In summer 1990 I started to look for work in Ireland. I learned that the University of Limerick (UL) was looking for a librarian. This was a job for a cataloguer, but I applied anyway. Then I got a phone call from the deputy librarian at UL, Marie Reddan, who suggested that I might be interested in a different role. They had an idea for a new type of information service.
Two weeks later I travelled to Limerick. First I was interviewed by a panel led by Patrick Kelly, UL’s director of information systems and services. Then I was invited to lunch to discuss the new concept in more detail. The Business and Technical Information Service (BTIS) would source and supply information for businesses in the midwest region. It would be based inside the university library and UL could provide funding for the first two years. But BTIS would need to operate on a commercial basis and to become self-financing.
I accepted this challenge. The deal breaker for me was that the university was willing to pay for me to receive further training in London. That would enable me to keep up my contacts there.
It was also important that I make new contacts within Ireland. I talked to people in Eolas, Córas Tráchtála, RTE, Irish Management Institute (IMI) and Shannon Development. I got to know the business associations in Limerick. This research showed what types of information were going to be required. I realised that different companies had very different needs. BTIS would have to be very specific about the information that we could deliver to them.
Most of it would come from online sources – market intelligence reports, patent records, technical specifications and Dun & Bradstreet’s global business databases. We spent a lot of time working on the concept and on a brochure that explained the variety of information we could access and how it was kept up to date. We launched BTIS in November 1991 with live demonstrations of our online service. The room in UL where we held this event was stuffed with people. Afterwards the Limerick Leader published a photograph of me pushing back a row of books – as if to say that I had found more powerful sources of information.

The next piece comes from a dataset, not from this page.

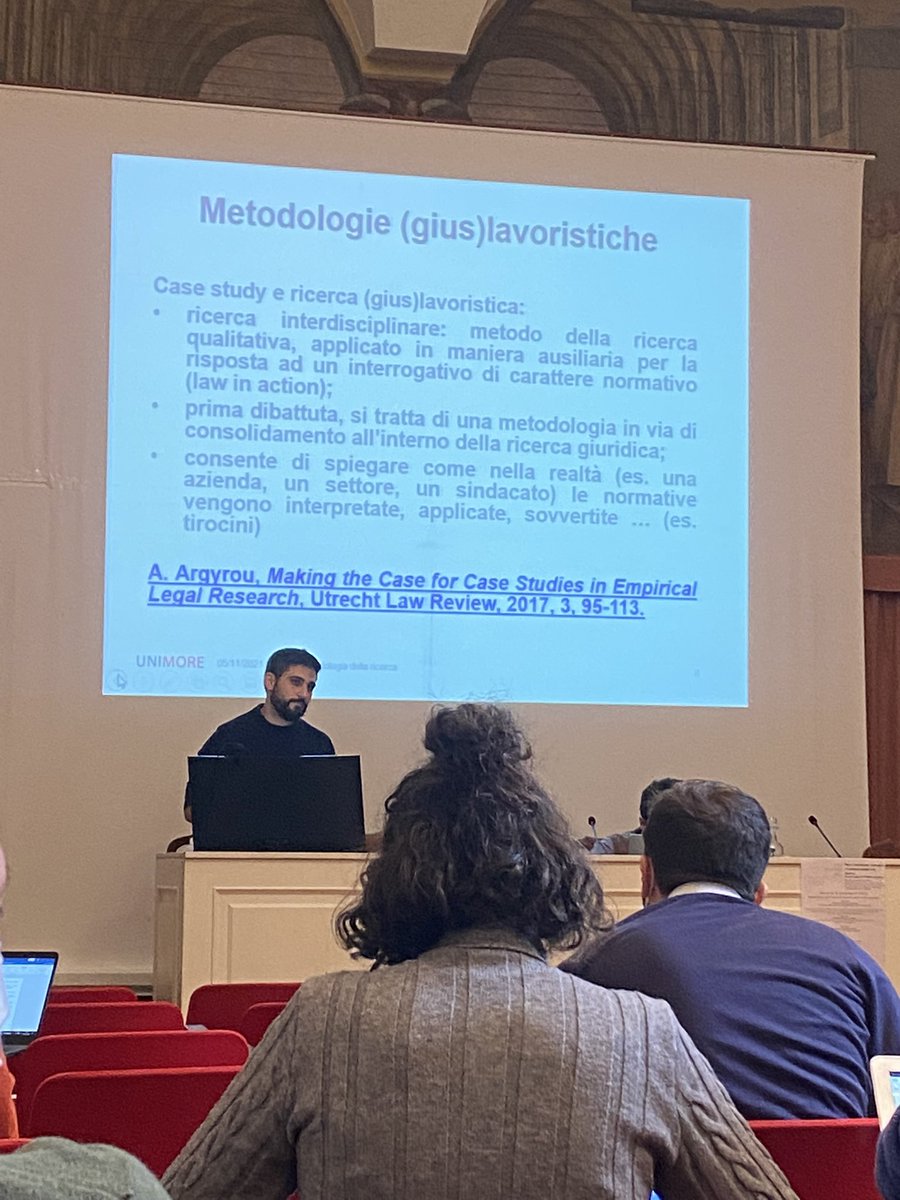 CitterioLorenzo's tweet photo. #Case #study: #metodologia giuslavoristica di #ricerca #interdisciplinare che consente di spiegare come nella realtà le normative vengono interpretate, applicate, sovvertite. È una risposta ad un interrogativo di carattere normativo (law in action).
#phaber2021 https://t.co/IvVRB1Fd3Y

Within a year BTIS was making very good money.
This was a time when online searching was seen as something for academics rather than commercial organisations. Eolas was good at tracking down technical resources, but not so good at promoting its services. Other libraries simply did not know how to sell information. We were able to fill this gap inside our own region. Shannon Development was very good at connecting us with companies.
The European Commission, meanwhile, was trying to develop a Europe-wide information market through programmes like Impact and Telematique.
In summer 1991 UL sent me to a Commission-funded course in Metz – a introduction to emerging technologies and networks for librarians from ‘less favoured regions’ such as Ireland, Italy and Spain. This was followed by a session in Bologna presented by Pier Giacomo Sola, a specialist in information technology applications for education, training and culture. He showed how it was becoming possible for libraries with limited budgets to access and structure business information. Then he asked me to hold a seminar in Ireland on systems for smaller libraries. We ran it in the IMI.
Telematique got started in 1992. One of its flagship projects, Iris, set out to create a common online interface into five university library catalogues and Eolas. Pat Kelly wanted UL to lead this project, but the contract went to Trinity. There was a lot of resistance in some of the colleges to lending books to companies and Iris ended up as a system for sharing library resources within the academic community.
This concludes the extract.